1946 - Sonatine pour flûte et piano



Voici une œuvre qui, n'ayant pas forcément de mélodie, et laissant une part d'aléatoire, me semble néanmoins très expressive et véhiculant une certaine force qui me permet de la trouver propre à me communiquer des impressions. 

Il s'agit de la sonatine pour flûte et piano, une œuvre courte, tendue, agressive, pleine de vivacité rythmique et d'éclats incisifs. 

En disque, je vous propose la version interprétée par Philippe Bernold et Alexandre Tharaud.

Sous YouTube, la voici interprétée par Sophie Cherrier, flûte et Sébastien Vichard, piano, membres de l'ensemble intercontemporain.



1946 - Première sonate pour piano



Contemporaine de la sonatine pour flûte et piano, cette sonate, créée par Yvette Grimaud, révèle déjà de nombreux aspects de la personnalité de Boulez.

Comme le note Olivier Messiaen: elle est caractérisée par "des sauts brusques avec des coups de pattes et des attaques par en dessous d'un dynamisme électrique absolument extraordinaire."

Les deux mouvements qui composent la partition sont à la fois opposés et complémentaires.

Le premier mouvement est dominé par un tempo lent et présente un contraste entre des résonances harmoniques et des déflagrations brutales, contraste accentué par des fluctuations de vitesse.

Le second mouvement, de tendance générale rapide, installe "une sorte de toccata implacable" (Antoine Goléa).

Toute la nouveauté de l'œuvre apparaît comme une incessante réinterprétation de groupes d'intervalles.

Au disque, j'ai sélectionné la version de Pierre-Laurent Aimard, que l'on retrouve ici sous YouTube.

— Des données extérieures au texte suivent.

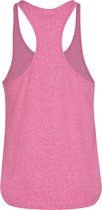 O'Neill Top Essentails - Rosa Shocking - Xl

1954 - Le marteau sans maître



Le Marteau sans maître est joué pour la première fois en Allemagne (à Baden-Baden) en 1955, dirigé par son dédicataire, Hans Rosbaud.

C’est une œuvre très célèbre et on ne peut s’empêcher d’y penser chaque fois que l’on cite Pierre Boulez. Son découpage en neuf parties met en relief les trois poèmes de René Char : L’Artisanat furieux, Bourreaux de solitude et Bel Édifice et les pressentiments.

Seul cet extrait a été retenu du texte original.